- Assigned task -
Restate word for word the lines between the start of the material and the line with "Koopje Eijffinger Magnifique - 351270", keeping both of those ends and none of the pictures.

- Data for analysis -
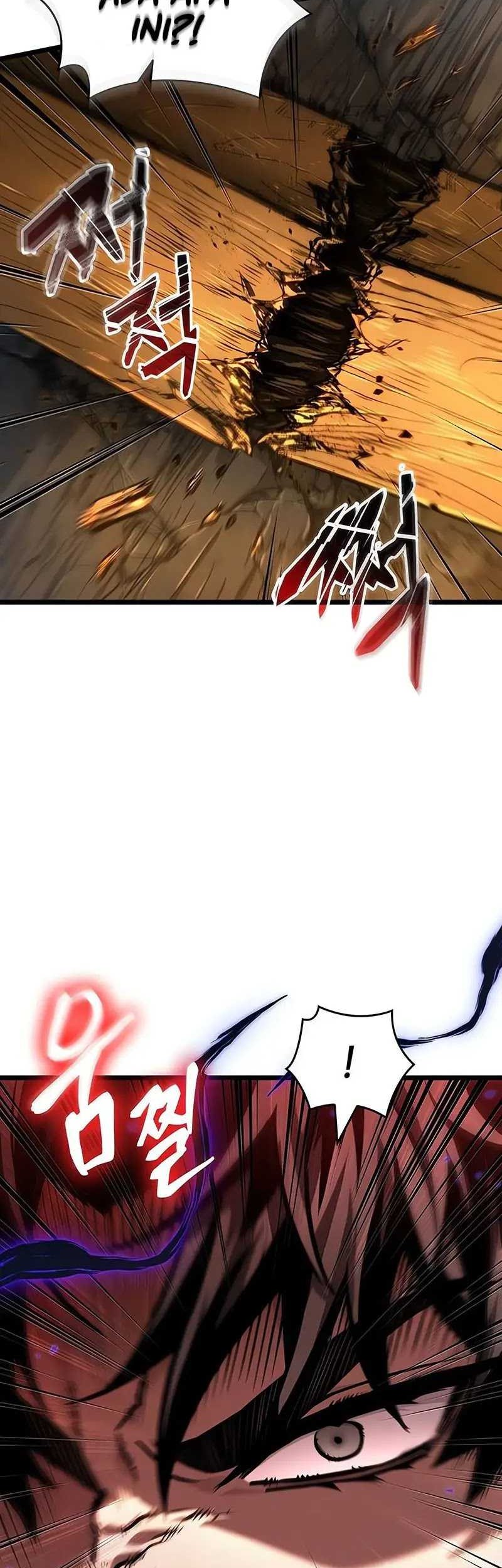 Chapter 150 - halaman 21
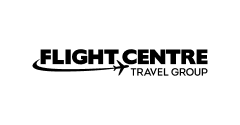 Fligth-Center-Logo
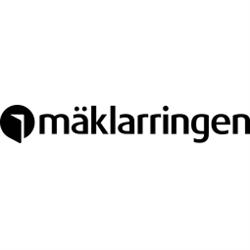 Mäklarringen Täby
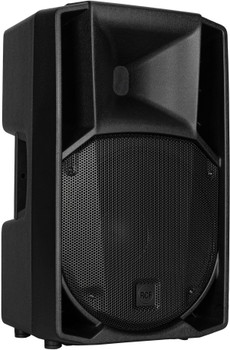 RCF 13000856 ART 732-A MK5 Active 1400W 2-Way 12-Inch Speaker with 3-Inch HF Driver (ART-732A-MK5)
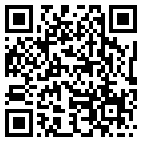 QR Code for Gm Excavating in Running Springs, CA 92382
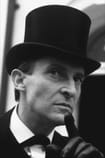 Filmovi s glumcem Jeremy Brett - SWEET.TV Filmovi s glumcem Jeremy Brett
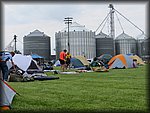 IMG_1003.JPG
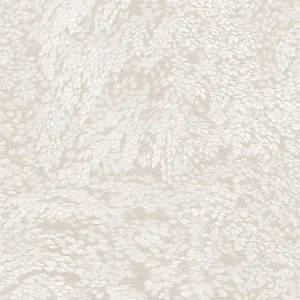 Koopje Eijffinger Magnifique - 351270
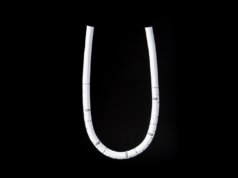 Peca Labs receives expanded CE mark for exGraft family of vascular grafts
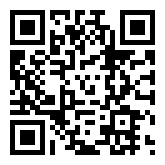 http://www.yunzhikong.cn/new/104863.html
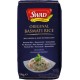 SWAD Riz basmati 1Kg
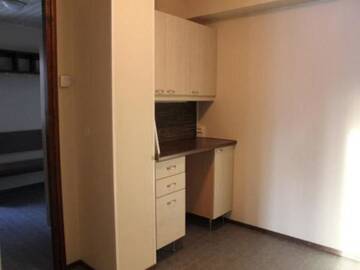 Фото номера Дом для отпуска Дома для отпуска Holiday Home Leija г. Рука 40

- Solution -
 Chapter 150 - halaman 21
 Fligth-Center-Logo
 Mäklarringen Täby
 RCF 13000856 ART 732-A MK5 Active 1400W 2-Way 12-Inch Speaker with 3-Inch HF Driver (ART-732A-MK5)
 QR Code for Gm Excavating in Running Springs, CA 92382
 Filmovi s glumcem Jeremy Brett - SWEET.TV Filmovi s glumcem Jeremy Brett
 IMG_1003.JPG
 Koopje Eijffinger Magnifique - 351270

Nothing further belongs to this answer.